Dance Music
Steinbeck spends a whole chapter on music instruments and how the workers use instruments such as fiddle, guitar, and harmonica to produce music for the dance (see chapter 23). Furthermore, in one episode, Steinbeck also writes about the Saturday Night dance in the government where the migrant workers gather around to dance and enjoy the music. Nevertheless, Steinbeck doesn’t just write about the dance and music for no specific reason. As a writer points out in the Journal of American Culture, “Steinbeck uses the context of performance of folk music and dance to illustrate that upward movement [of communal spirit]” (Mullen, 749). And so, it would help us to understand more about their dance and music if we get to listen to the dance music that the migrant workers enjoy. In this page of the exhibit, you can find two dance songs that are performed in an actual work camp in California.
“Bully of the Town” is an instrumental music performed by Luther Quinton and Jones Floyd. It has a rhythm suitable for folk dance music. Moreover, it is a song performed with a guitar and a fiddle. In the Grape of Wrath, Steinbeck also writes about how these two instruments work well to perform dance music in Chapter 23.

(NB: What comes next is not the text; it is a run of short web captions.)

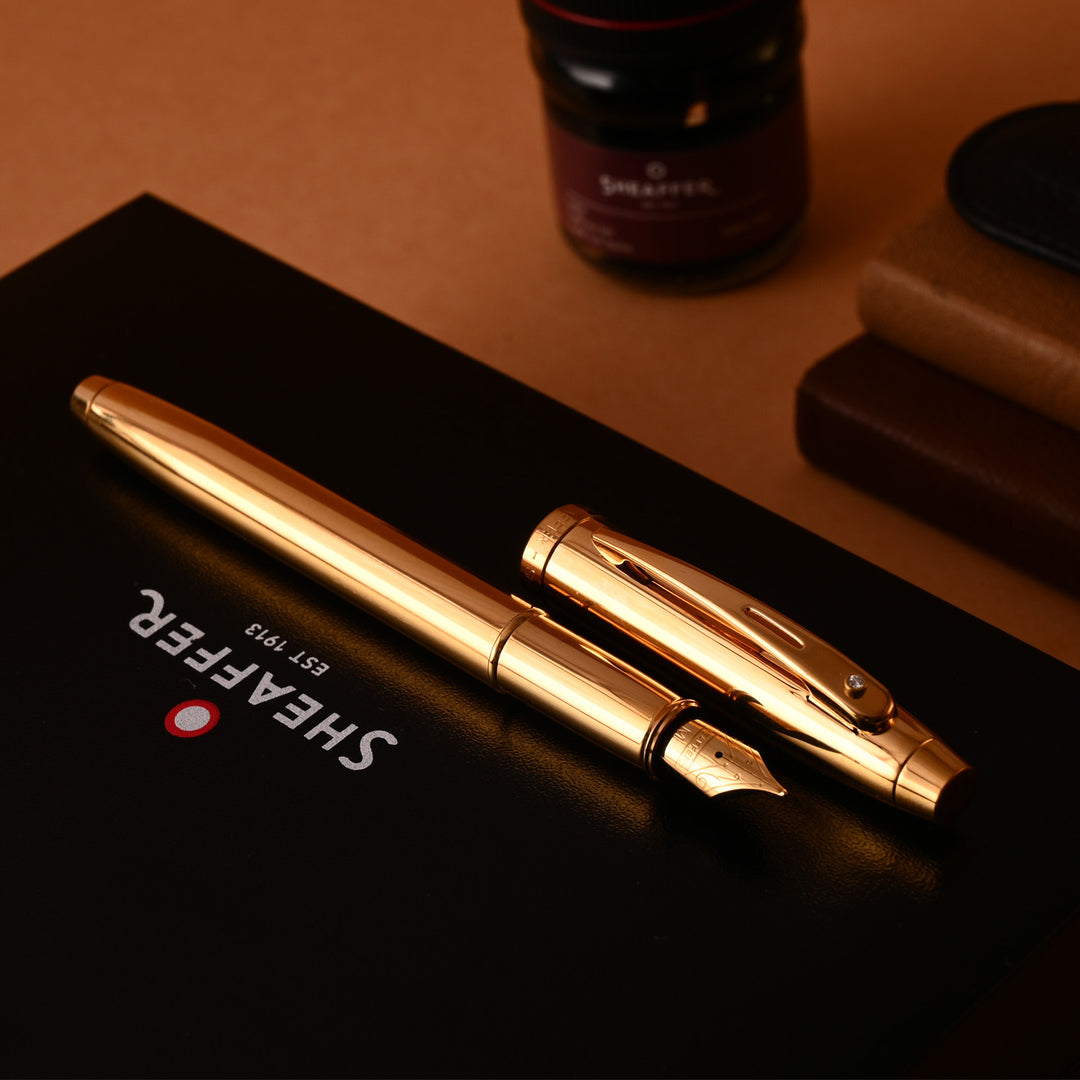 Sheaffer Gift Collection 100 – 9372 Glossy PVD Gold With PVD Gold Trim Fountain Pen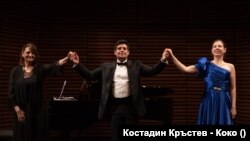  Александрина Михайлова (вдясно) дружно с сътрудниците си в края на концерта 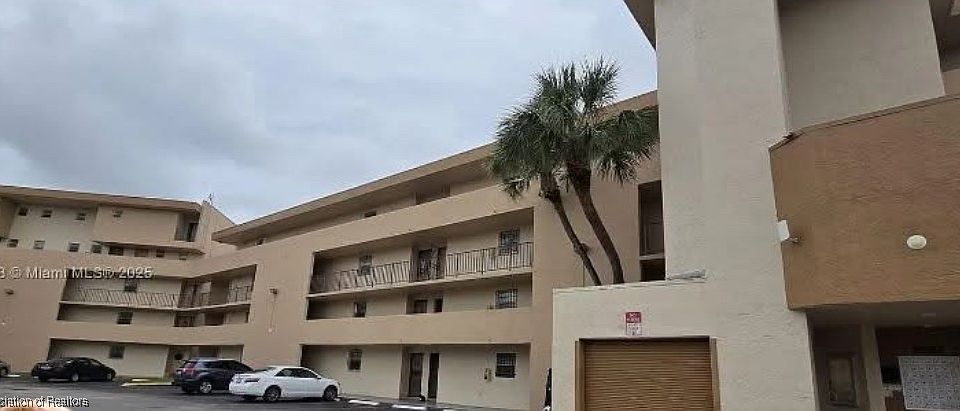1st image of 8897 Fontainebleau Blvd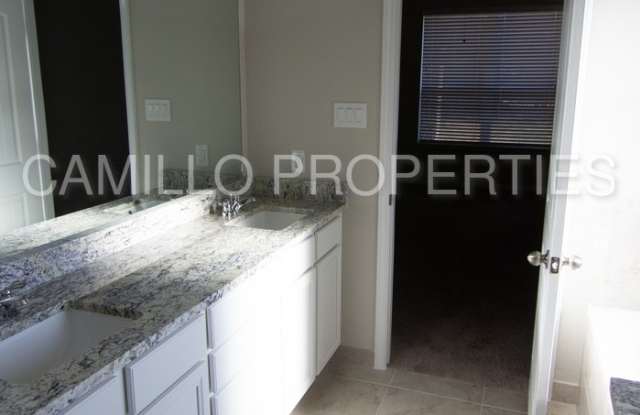 7815 Mesquite Hill Lane Gallery 3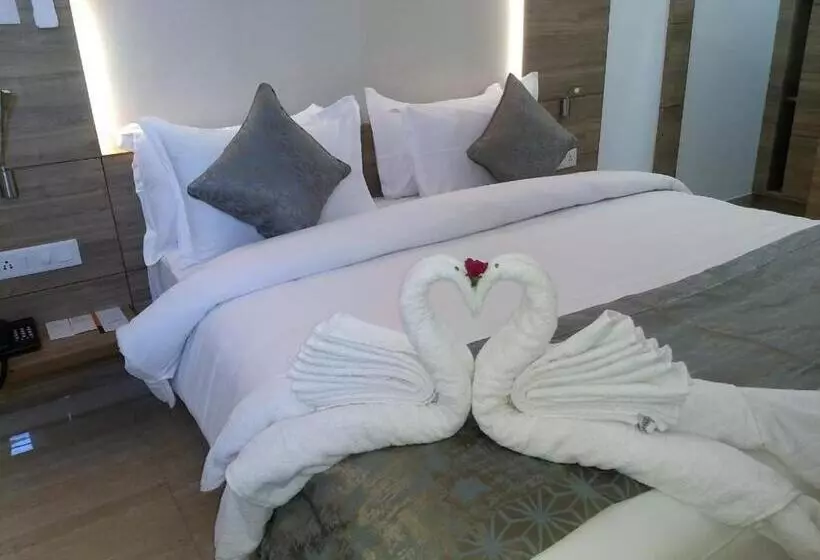 Hotelli Residenza Adhikrishna Arcade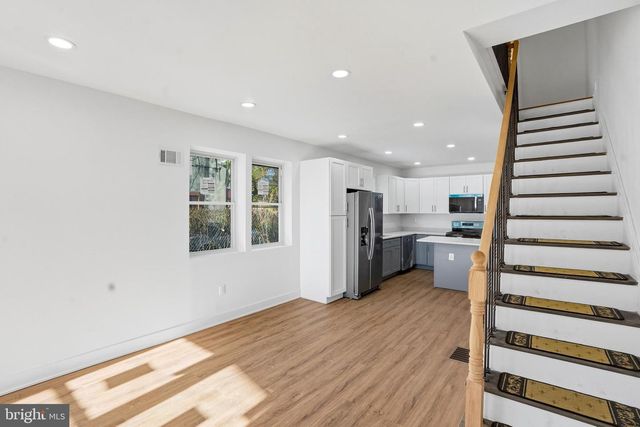 1281 JACKSON ST, Camden, NJ 08104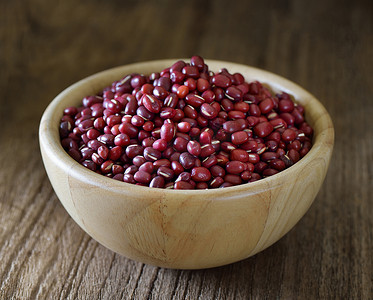 桌上木碗里的小红豆或小豆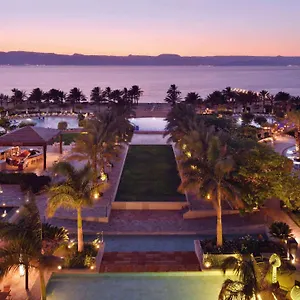 אתר נופש Moevenpick & Tala Bay *****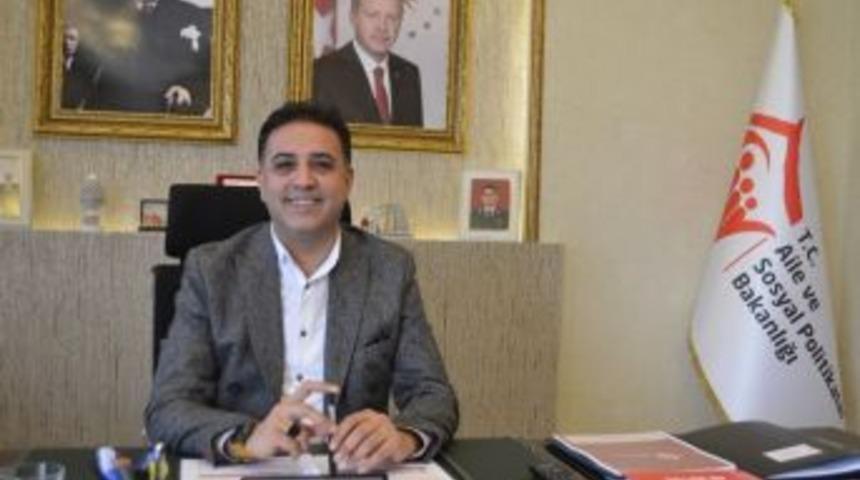 Efet&uuml;rk G&ouml;revine D&ouml;nd&uuml;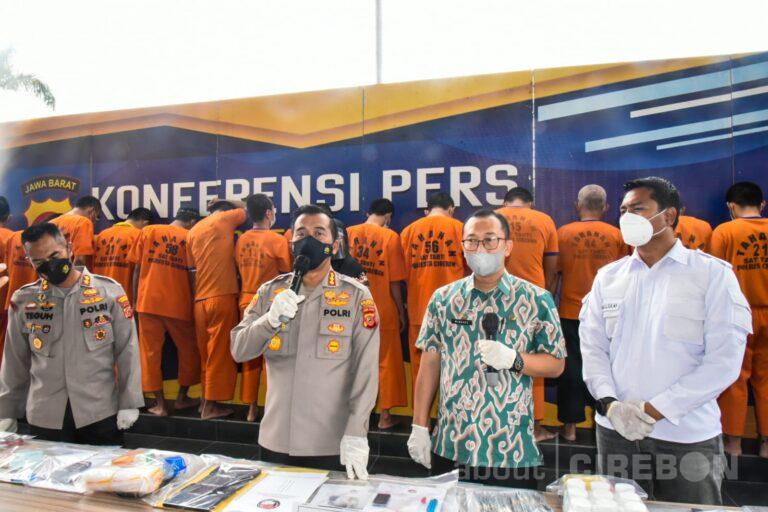 Satnarkoba Polresta Cirebon Ungkap 13 Kasus dan Amankan 17 Tersangka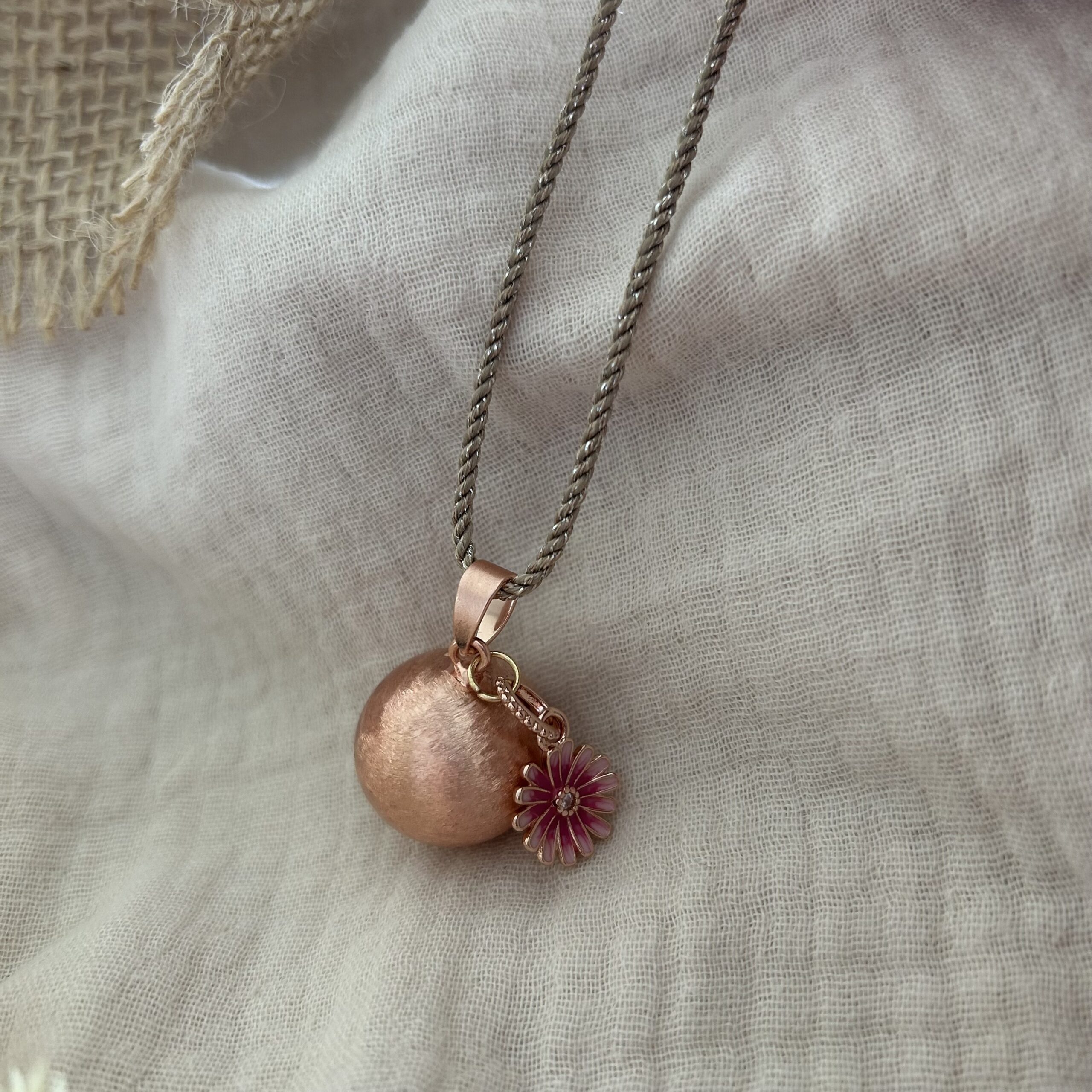 bola de grossesse or rose cordon doré à fleur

“Chicken Reel” is another instrumental music performed by Lloyd “Red” Harmon and Willard Brewer. Steinbeck once refers to this song in Chapter 23 of The Grapes of Wrath. Steinbeck writes that “‘Chicken Reel’ now, and the feet tap and a young lean buck takes three quick steps, and his arms hang limp (Steinbeck, 328).” Judging from the sound of the music, “Chicken Reel” indeed quite match the description that Steinbeck provides.